START Source material

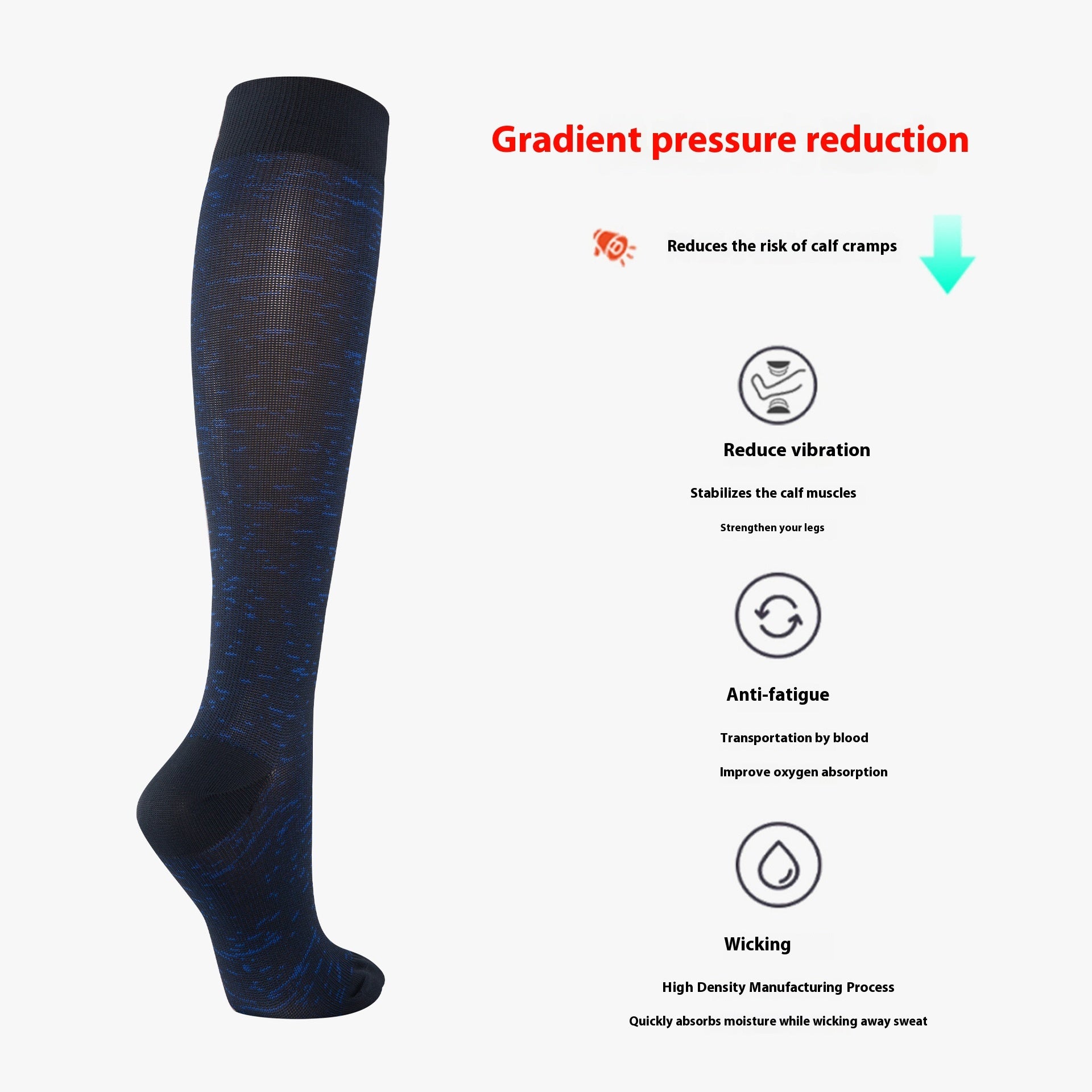 Running Skipping Rope Fitness Outdoor Sports Muscle Energy Calf Socks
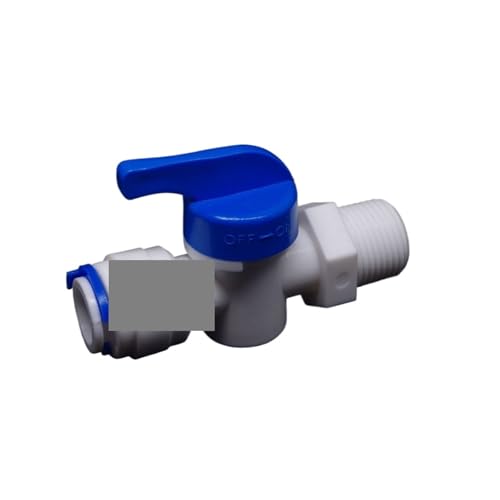 IDGTTLDF 3/8" Inline Quick Fitting,3/8" Male Thread Ball Valve Quick Fitting Connection Aquarium RO Water Filter Reverse Osmosis System IDGTTLDF 3/8" Inline Quick Fitting,3/8" Male Thread Ball Valve Quick Fitting Connection Aquarium RO Water Filter Reverse Osmosis System von IDGTTLDF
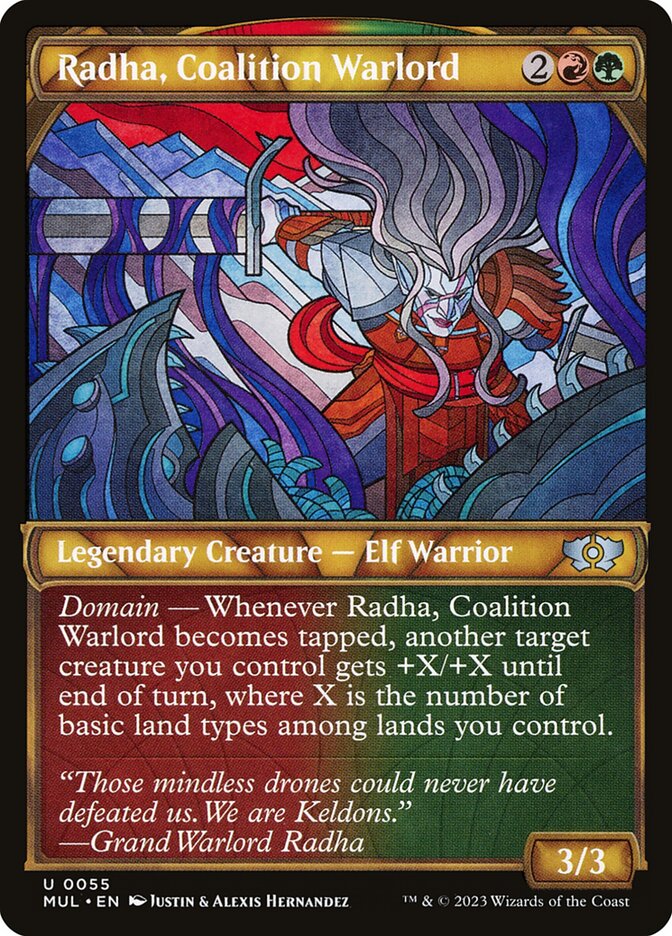 Radha, Coalition Warlord card front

END Source material

§ What needs to be done
Could the listing above be printed again in full, with every picture omitted?

§ Response to this task
 Running Skipping Rope Fitness Outdoor Sports Muscle Energy Calf Socks
 IDGTTLDF 3/8" Inline Quick Fitting,3/8" Male Thread Ball Valve Quick Fitting Connection Aquarium RO Water Filter Reverse Osmosis System IDGTTLDF 3/8" Inline Quick Fitting,3/8" Male Thread Ball Valve Quick Fitting Connection Aquarium RO Water Filter Reverse Osmosis System von IDGTTLDF
 Radha, Coalition Warlord card front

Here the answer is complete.